Dracula opened his eyes, staring directly at Ficino. "I drank the blood and was born again."

Ficino felt a chill move through him, through his very soul, like the cold wind of Dante's Hell.

He shuddered.

"Close your eyes," he said.

"My eyes are open."

"Close your eyes."

"Your work is done, Marsilio."

"We must reverse the spell. You must go back the way you came." He raised the crucifix. "Look upon the cross."

"No more spells—"

Ficino shoved the crucifix in front of Dracula's eyes and thundered, "Look upon the cross of God!"

The prince saw his reflection in the silver.

He stared at it.

Transfixed.

"You are on a battlefield," said Ficino.

Dracula's eyes widened. "No."

"With many bodies lying on the ground."

"No." But like Narcissus at the water's edge, Dracula could not look away from his own reflection.
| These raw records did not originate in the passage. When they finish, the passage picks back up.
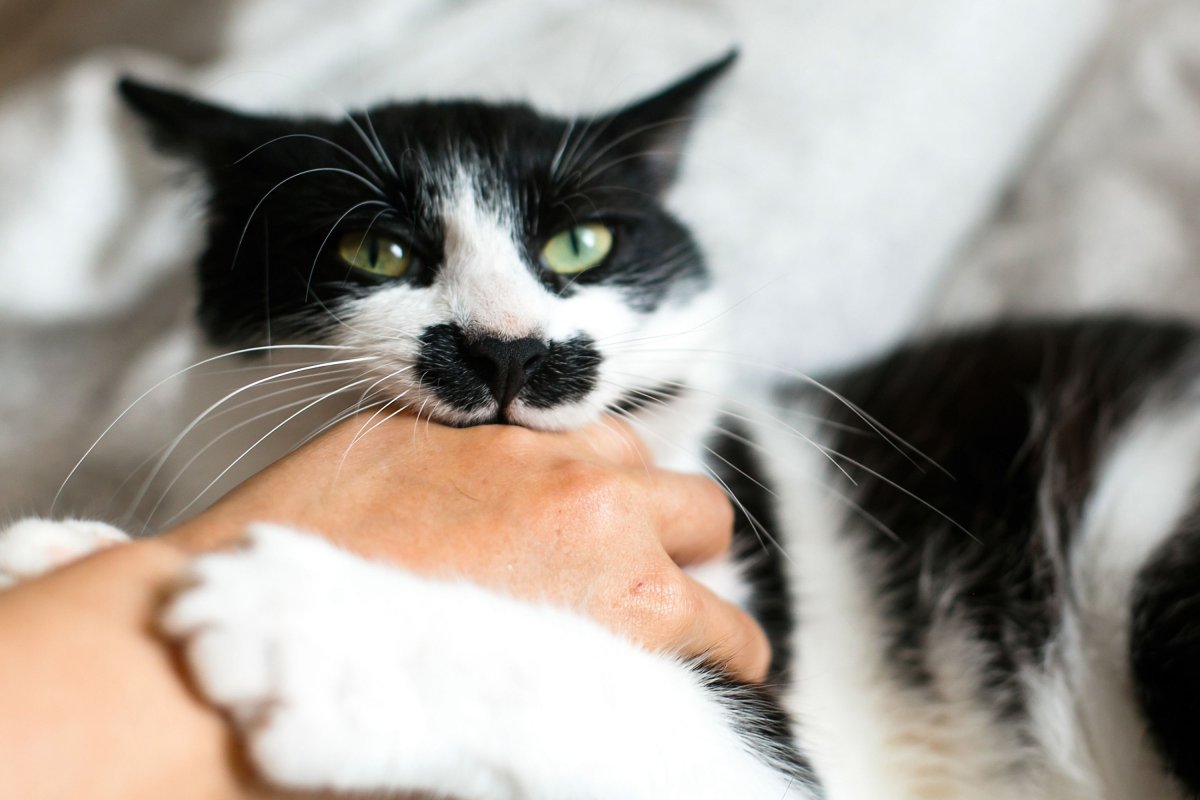 En man klappar en katt, och katten biter honom.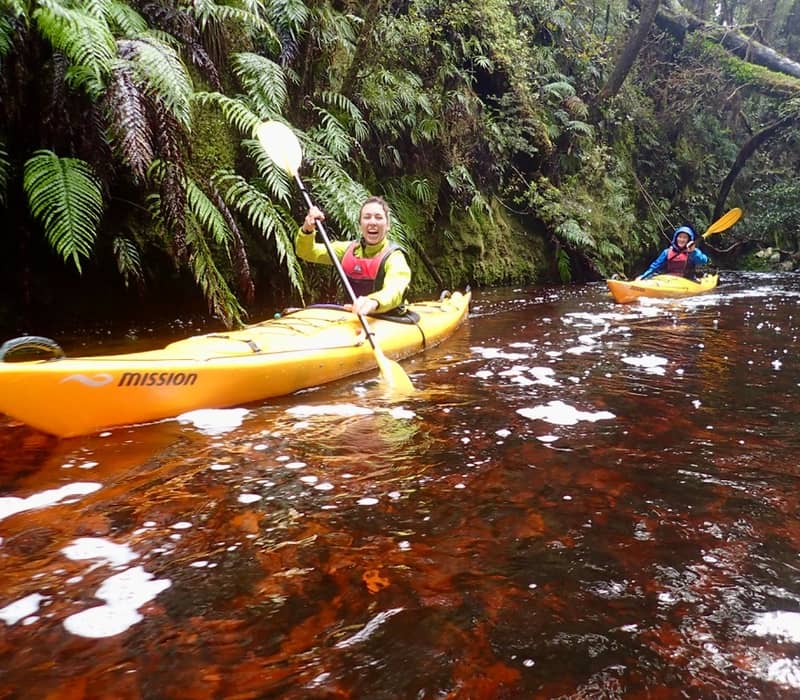 Two kayakers paddling on a forested river in yellow kayaks surrounded by greenery.
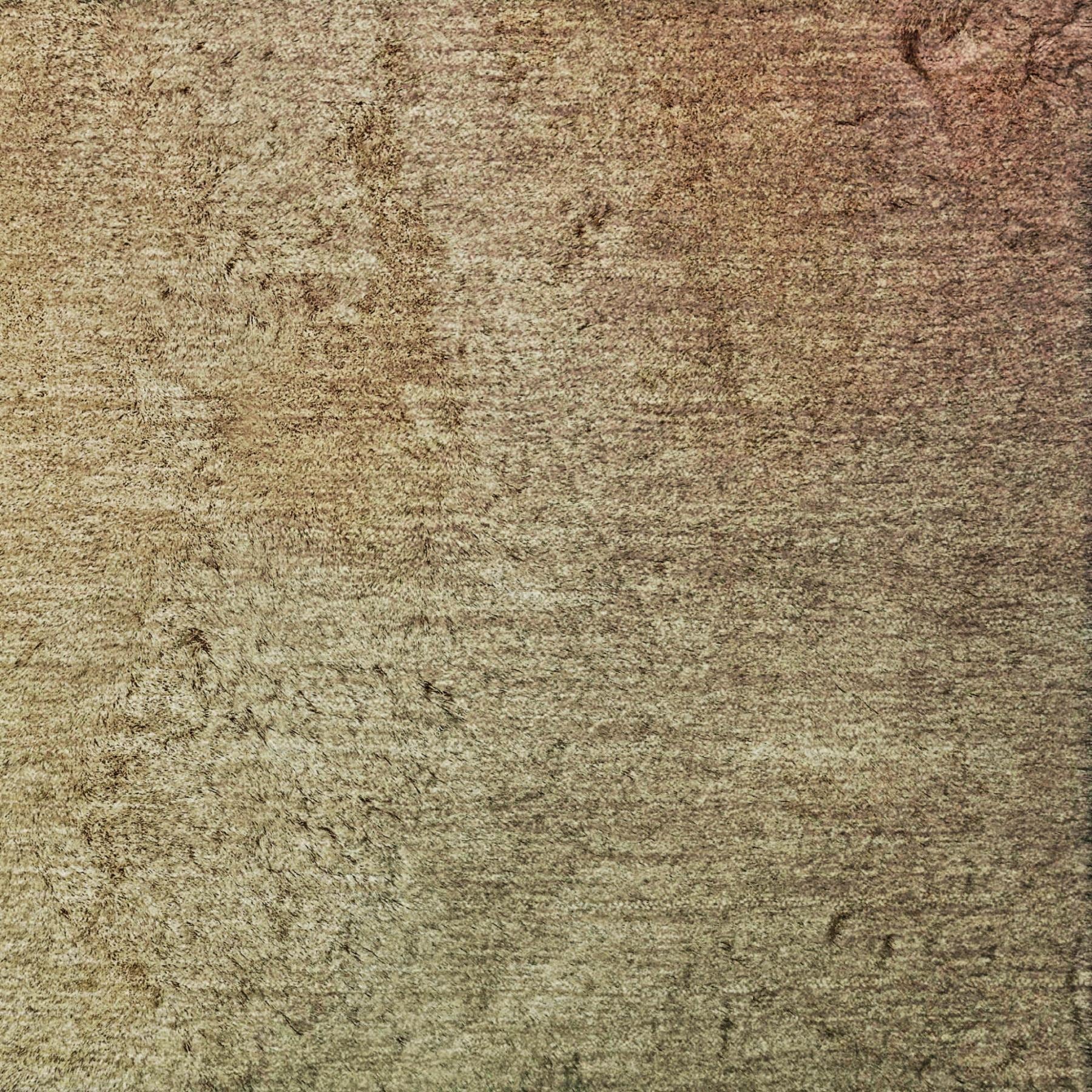 3' X 5' Blush And Taupe Ombre Shag Washable Area Rug With UV Protection - Home & Garden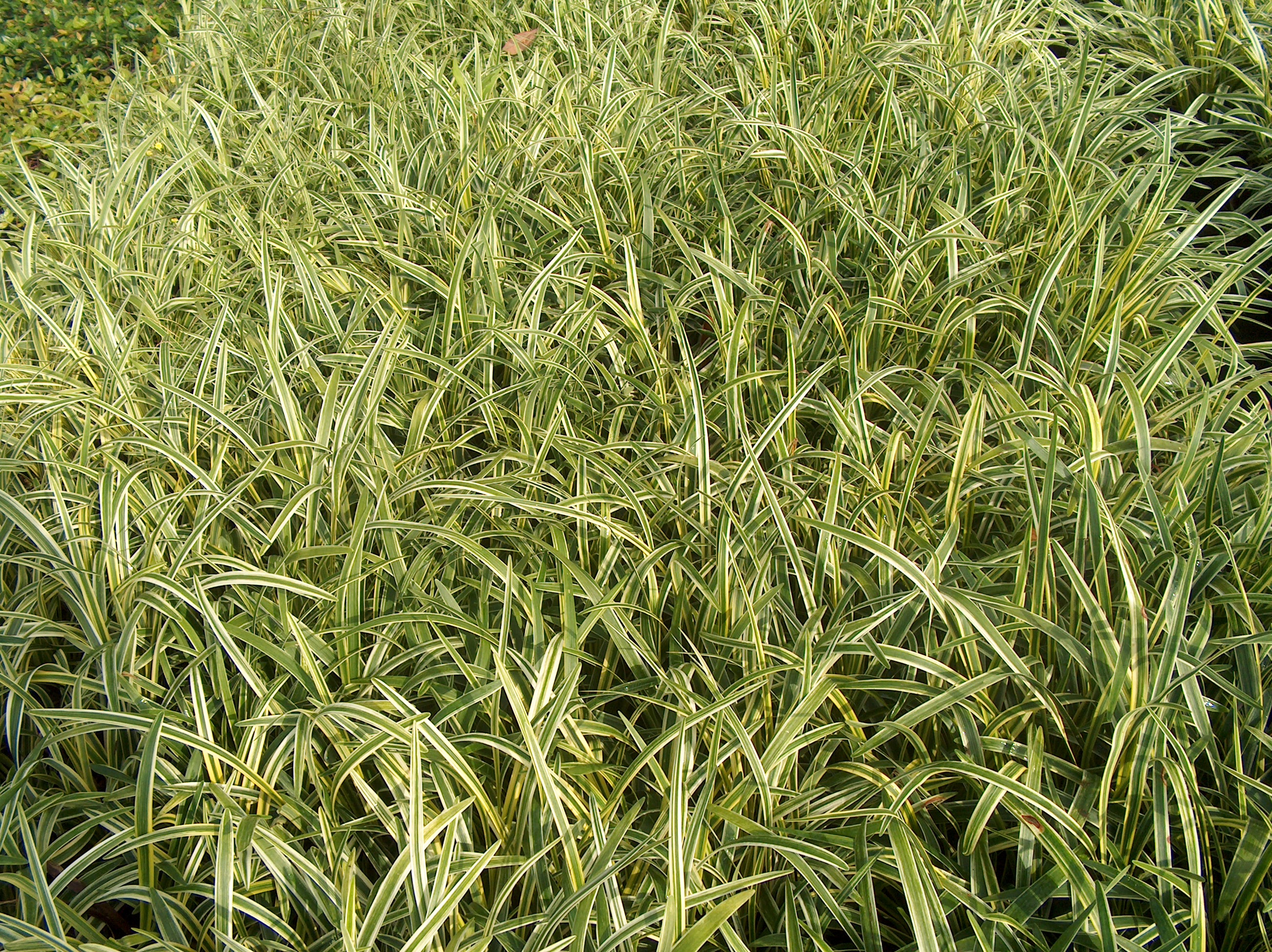 Liriope muscari 'Silvery Sunproof'  / Silvery Sunproof Liriope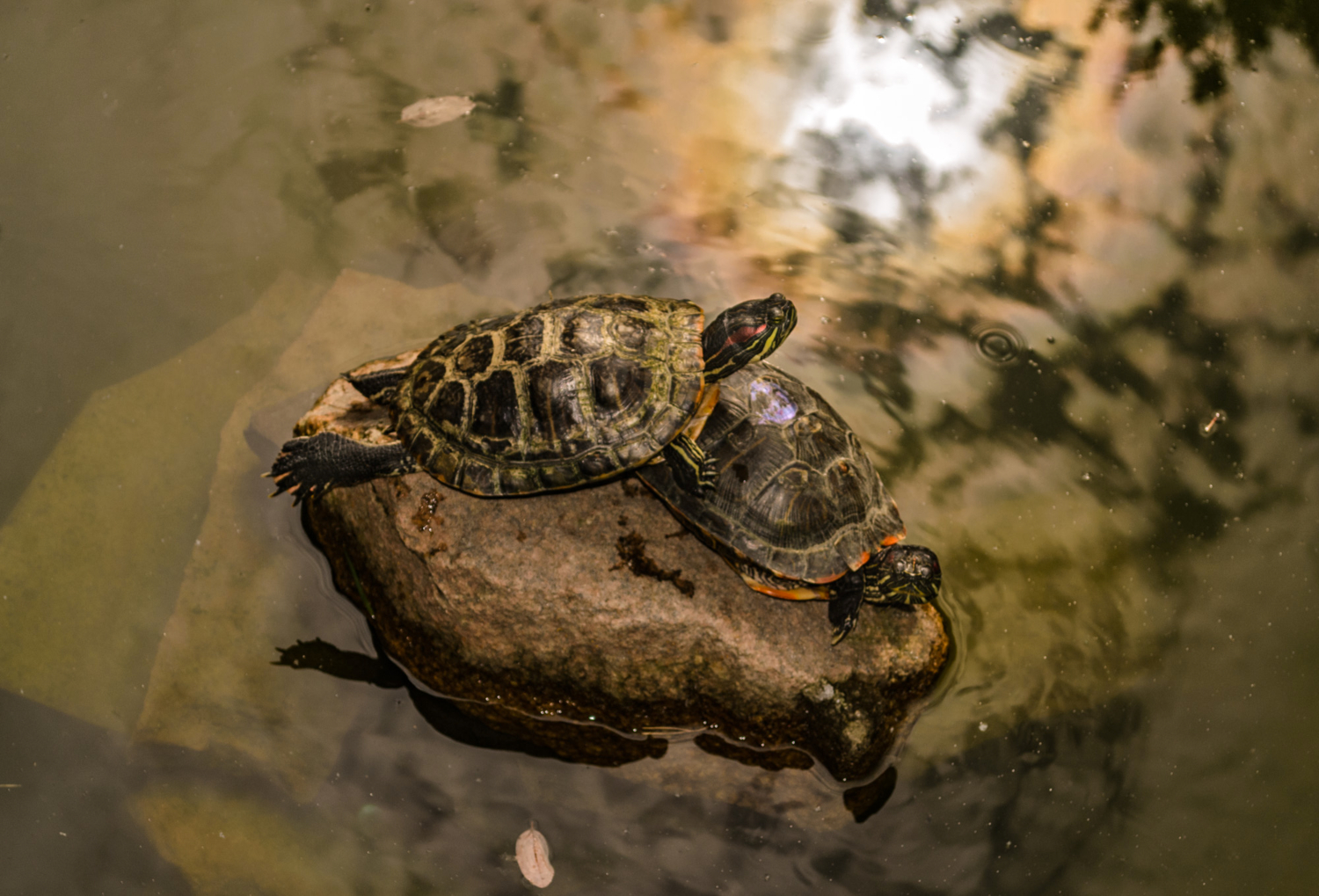 я на камушке сижу и на солнышко гляжу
"You are dying on the battlefield."

"No more."

"You are crying out to God."

Dracula's face contorted. "Stop."

"There is blood in the snow."

"Please."

"Too much blood—"

The prince screamed a demon's wail. He cowered from the crucifix. He swept his hand in a defensive arc, knocking the cross from Ficino's hand. The crucifix clanged against the fireplace and fell into the fire.

Dracula stood, toppling the chair. The crown of laurels and gold mantilla fell away. He growled and bared his teeth.

"Your work is done," he said.

Then like a shadow fearing sunlight he fled the room, running out from the magician's house into the dark and howling storm.